_Description of the task_
Apart from the pictures, write out all the records exactly.

(Provided records)

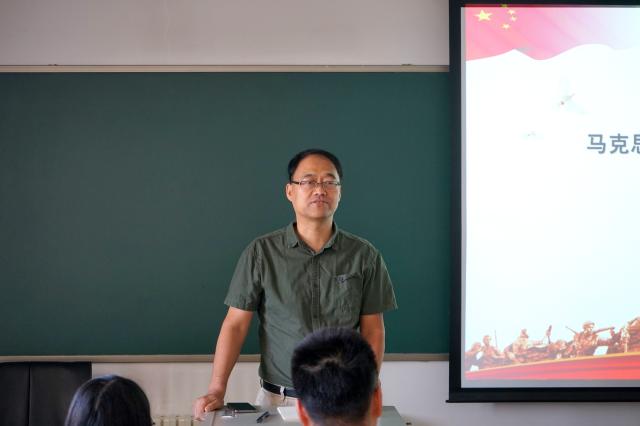 betway西汉姆联官网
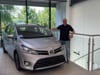 Video af Toyota Verso 7 pers. 1,8 VVT-I T2 Touch 147HK 6g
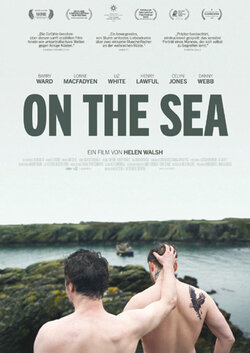 On the Sea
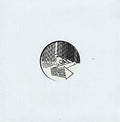 Va - From the Powerhouse Vinyl 12"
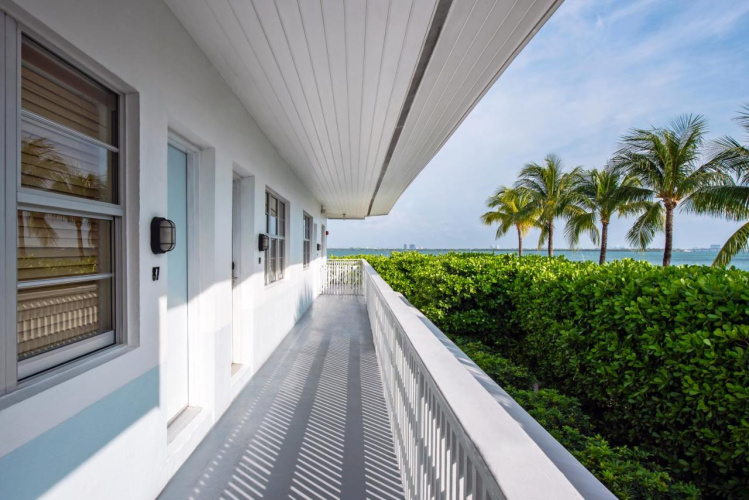 The Standard Spa Miami Beach - Adults Only photo 9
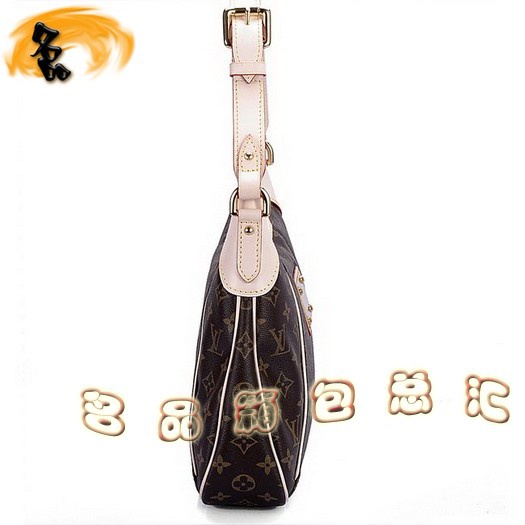 M56383 ����Ʒ�| LV���¿�r��Ůʽ���e�� LV�ϻ�ϵ�� LV�μ��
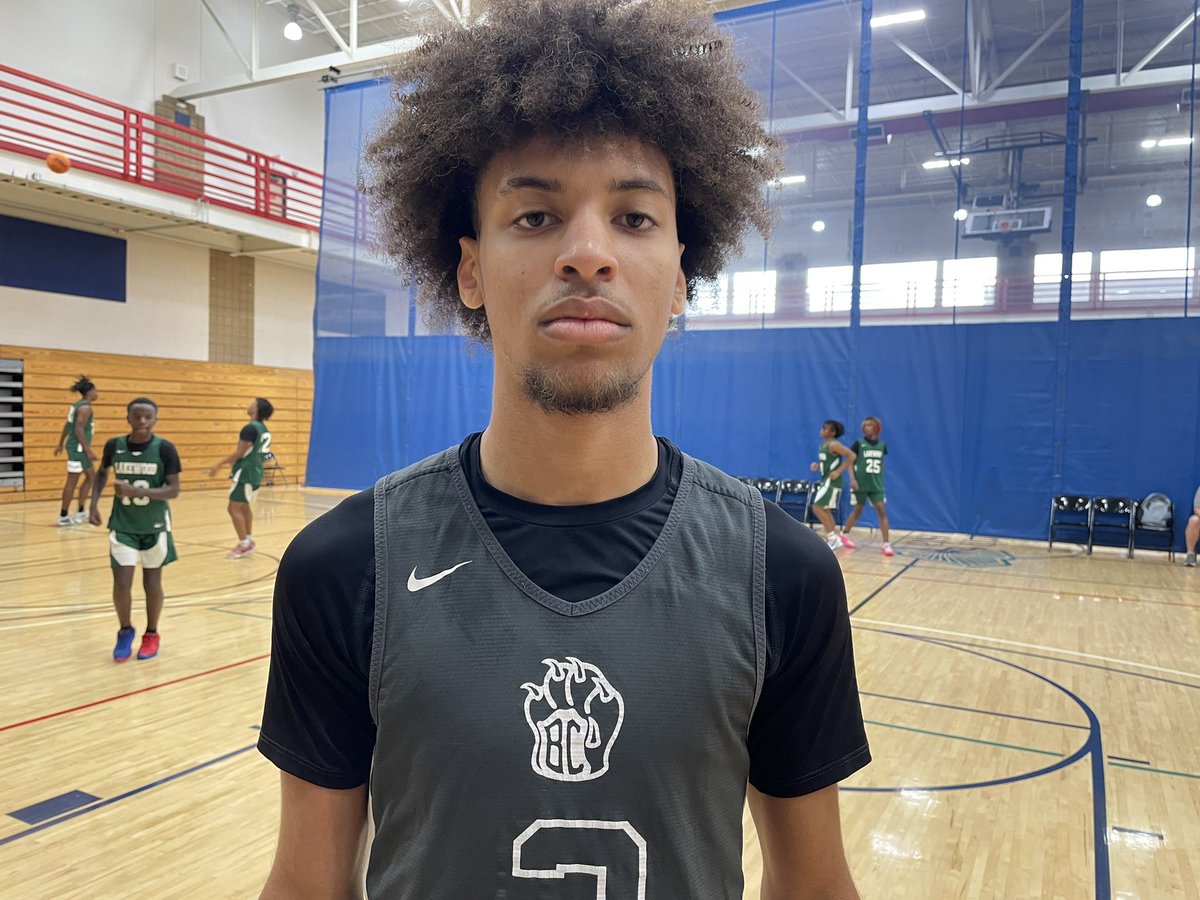 Prep Hoops South Carolina (@prephoopssc) on Twitter photo SCBCA Live Team Camp: New Names for the Database prephoops.com/2024/06/scbca-… <a href="/Aj_Edwards2/">Aj</a> <a href="/PchBasketball/">Palmetto City Hurricanes Basketball</a> @BC_BearcatBball <a href="/NationFordBBAll/">NationFordBoysBasketball</a> <a href="/BlalockGaron/">Garon Blalock</a> <a href="/Pendleton_BBall/">Pendleton Basketball</a> <a href="/coachmcdowell12/">Sam McDowell</a> <a href="/southaikenMBB/">South Aiken HS MBB</a> <a href="/bhsrunninrebels/">Byrnes Runnin Rebels</a> <a href="/theLParker33/">Logan Parker</a> <a href="/FMHSBball1/">FortMillBasketball</a> <a href="/ardemmanuel12/">Emmanuel Ard</a> <a href="/CoachLourie/">Jacob Lourie</a> SCBCA Live Team Camp: New Names for the Database prephoops.com/2024/06/scbca-… <a href="/Aj_Edwards2/">Aj</a> <a href="/PchBasketball/">Palmetto City Hurricanes Basketball</a> @BC_BearcatBball <a href="/NationFordBBAll/">NationFordBoysBasketball</a> <a href="/BlalockGaron/">Garon Blalock</a> <a href="/Pendleton_BBall/">Pendleton Basketball</a> <a href="/coachmcdowell12/">Sam McDowell</a> <a href="/southaikenMBB/">South Aiken HS MBB</a> <a href="/bhsrunninrebels/">Byrnes Runnin Rebels</a> <a href="/theLParker33/">Logan Parker</a> <a href="/FMHSBball1/">FortMillBasketball</a> <a href="/ardemmanuel12/">Emmanuel Ard</a> <a href="/CoachLourie/">Jacob Lourie</a>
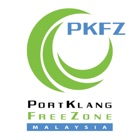 PKFZ - PIMS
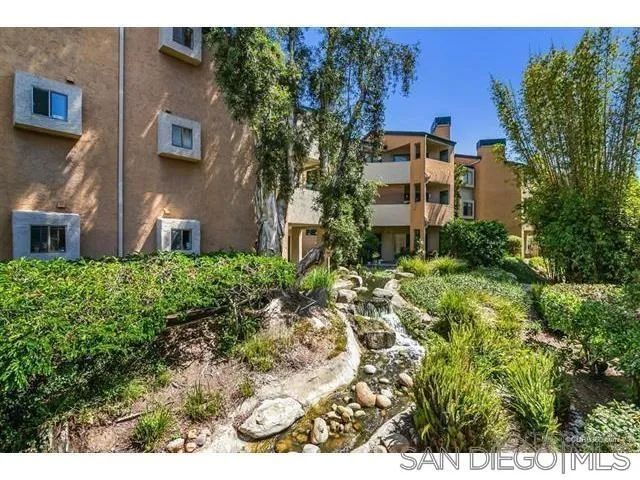 9725 Mesa Springs #184 San Diego, CA 92126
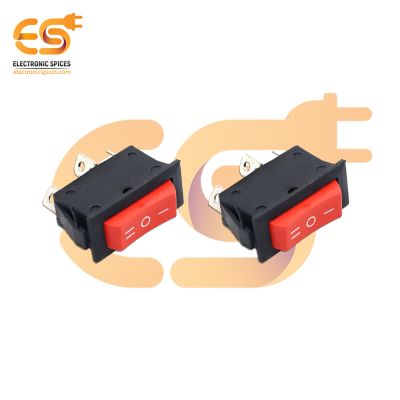 5V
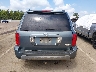 2HKYF18745H****** Destrozados 2005 Honda Pilot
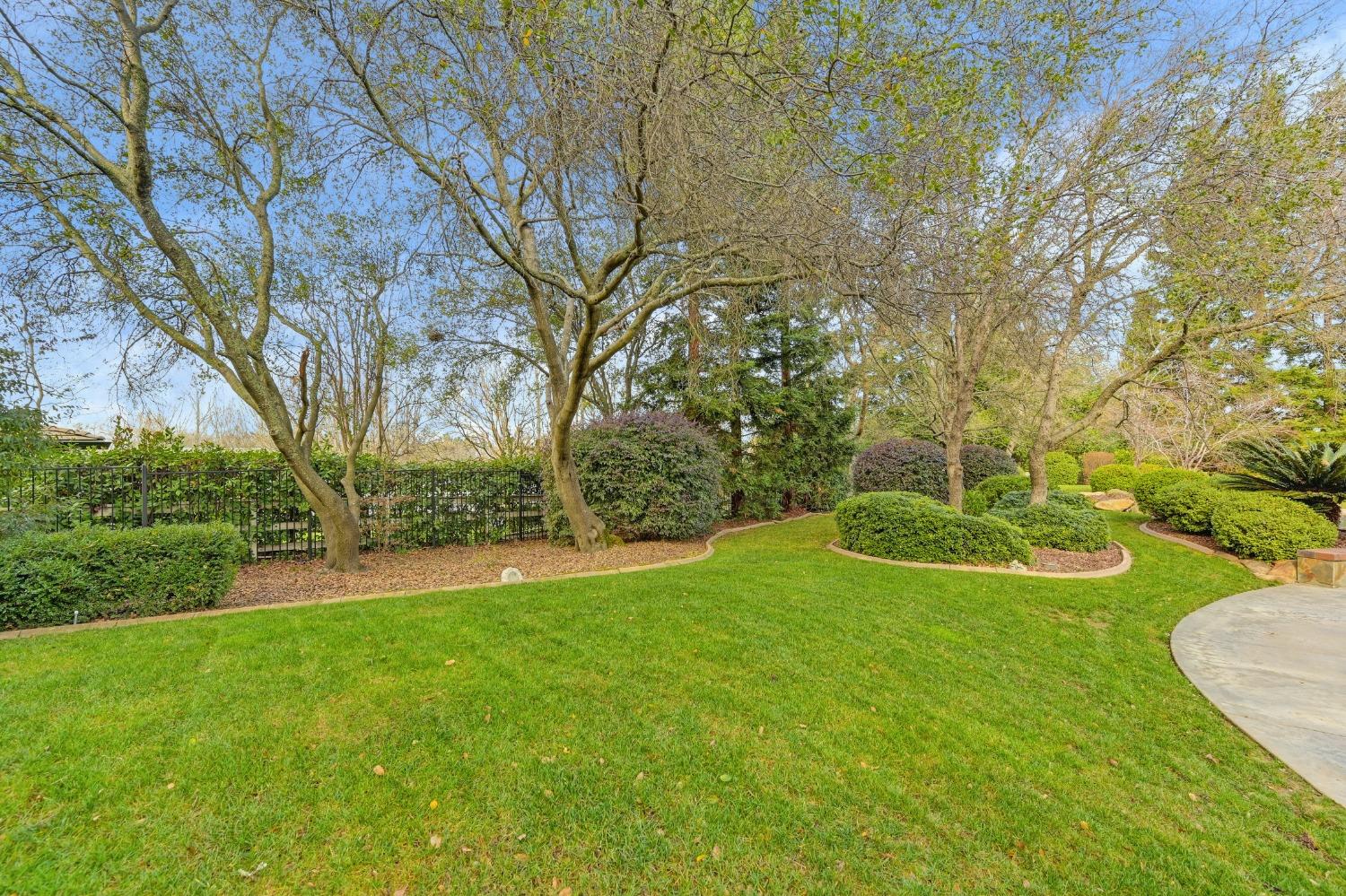 5680 Monte Claire Lane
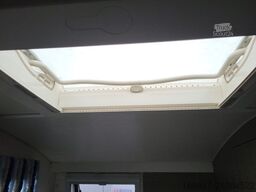 ADRIA Action 341 LH Heckküche Mover - Nr. 26  (3)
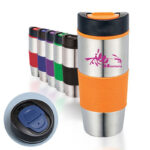 812727f4b92d44d7dc7469257cd6650223e79aacda6f03dc7141754d7b12138a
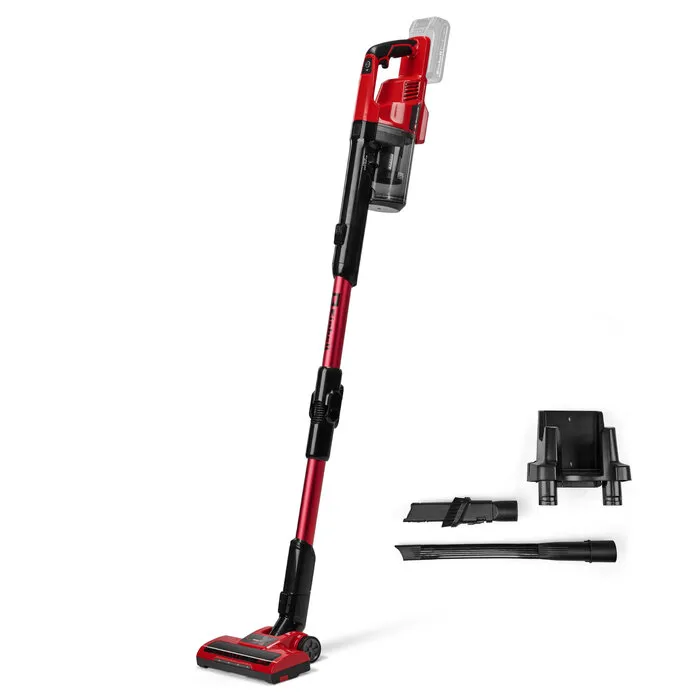 Einhell Gereedschap Einhell TE-SV 18 Li-FLX Solo – Accu Steelstofzuiger – Power X-Change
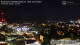 Rosenheim 11.05.2025 22:53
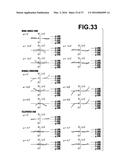 ZOOM LENS AND IMAGING APPARATUS diagram and image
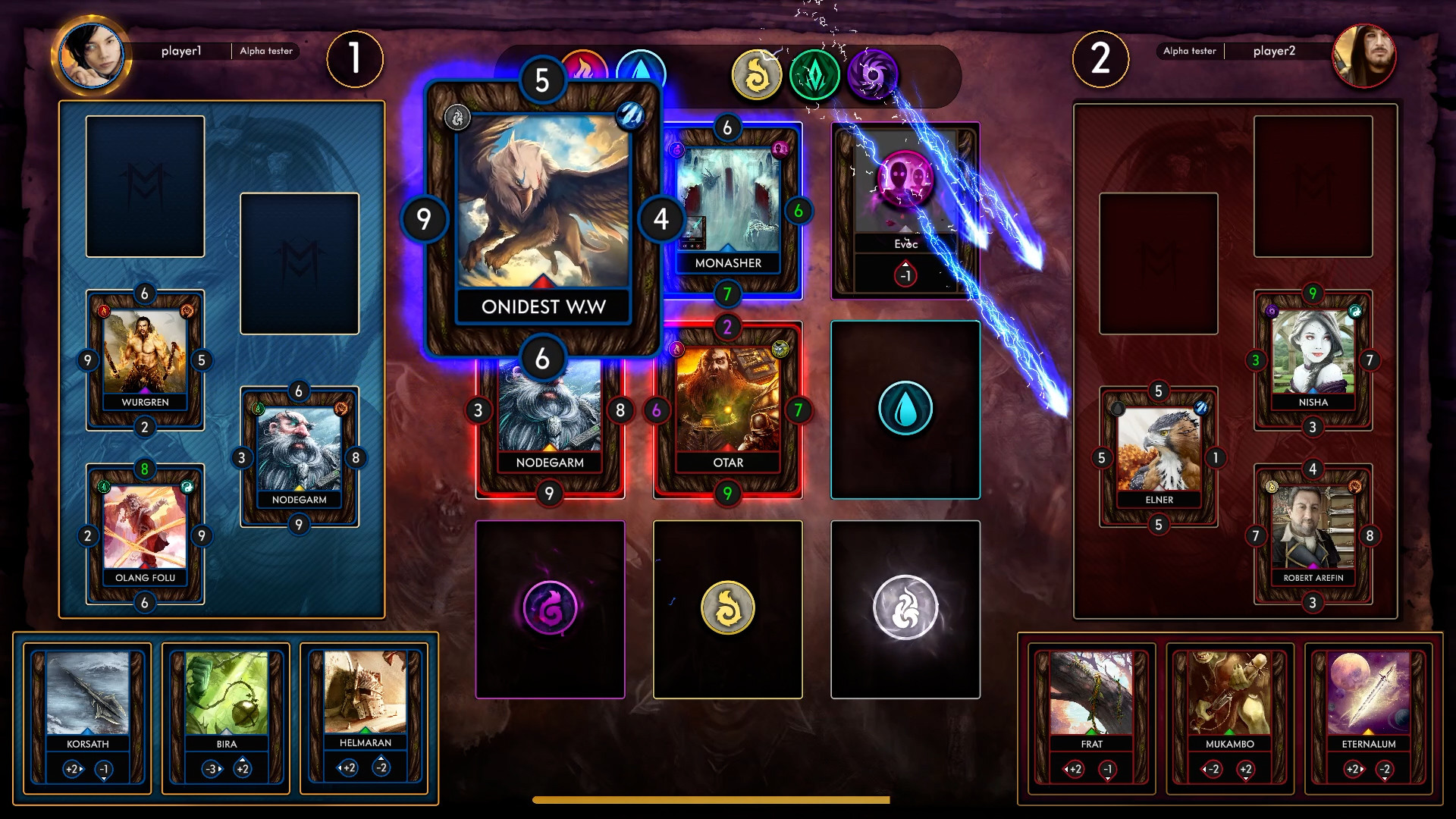 ss_f6c3946b7cbdda57edb0dd438f18937ccdb7744e.1920×1080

(End Provided records)

_The answer_
 betway西汉姆联官网
 Video af Toyota Verso 7 pers. 1,8 VVT-I T2 Touch 147HK 6g
 On the Sea
 Va - From the Powerhouse Vinyl 12"
 The Standard Spa Miami Beach - Adults Only photo 9
 M56383 ����Ʒ�| LV���¿�r��Ůʽ���e�� LV�ϻ�ϵ�� LV�μ��
 Prep Hoops South Carolina (@prephoopssc) on Twitter photo SCBCA Live Team Camp: New Names for the Database prephoops.com/2024/06/scbca-… <a href="/Aj_Edwards2/">Aj</a> <a href="/PchBasketball/">Palmetto City Hurricanes Basketball</a> @BC_BearcatBball <a href="/NationFordBBAll/">NationFordBoysBasketball</a> <a href="/BlalockGaron/">Garon Blalock</a> <a href="/Pendleton_BBall/">Pendleton Basketball</a> <a href="/coachmcdowell12/">Sam McDowell</a> <a href="/southaikenMBB/">South Aiken HS MBB</a> <a href="/bhsrunninrebels/">Byrnes Runnin Rebels</a> <a href="/theLParker33/">Logan Parker</a> <a href="/FMHSBball1/">FortMillBasketball</a> <a href="/ardemmanuel12/">Emmanuel Ard</a> <a href="/CoachLourie/">Jacob Lourie</a> SCBCA Live Team Camp: New Names for the Database prephoops.com/2024/06/scbca-… <a href="/Aj_Edwards2/">Aj</a> <a href="/PchBasketball/">Palmetto City Hurricanes Basketball</a> @BC_BearcatBball <a href="/NationFordBBAll/">NationFordBoysBasketball</a> <a href="/BlalockGaron/">Garon Blalock</a> <a href="/Pendleton_BBall/">Pendleton Basketball</a> <a href="/coachmcdowell12/">Sam McDowell</a> <a href="/southaikenMBB/">South Aiken HS MBB</a> <a href="/bhsrunninrebels/">Byrnes Runnin Rebels</a> <a href="/theLParker33/">Logan Parker</a> <a href="/FMHSBball1/">FortMillBasketball</a> <a href="/ardemmanuel12/">Emmanuel Ard</a> <a href="/CoachLourie/">Jacob Lourie</a>
 PKFZ - PIMS
 9725 Mesa Springs #184 San Diego, CA 92126
 5V
 2HKYF18745H****** Destrozados 2005 Honda Pilot
 5680 Monte Claire Lane
 ADRIA Action 341 LH Heckküche Mover - Nr. 26  (3)
 812727f4b92d44d7dc7469257cd6650223e79aacda6f03dc7141754d7b12138a
 Einhell Gereedschap Einhell TE-SV 18 Li-FLX Solo – Accu Steelstofzuiger – Power X-Change
 Rosenheim 11.05.2025 22:53
 ZOOM LENS AND IMAGING APPARATUS diagram and image
 ss_f6c3946b7cbdda57edb0dd438f18937ccdb7744e.1920×1080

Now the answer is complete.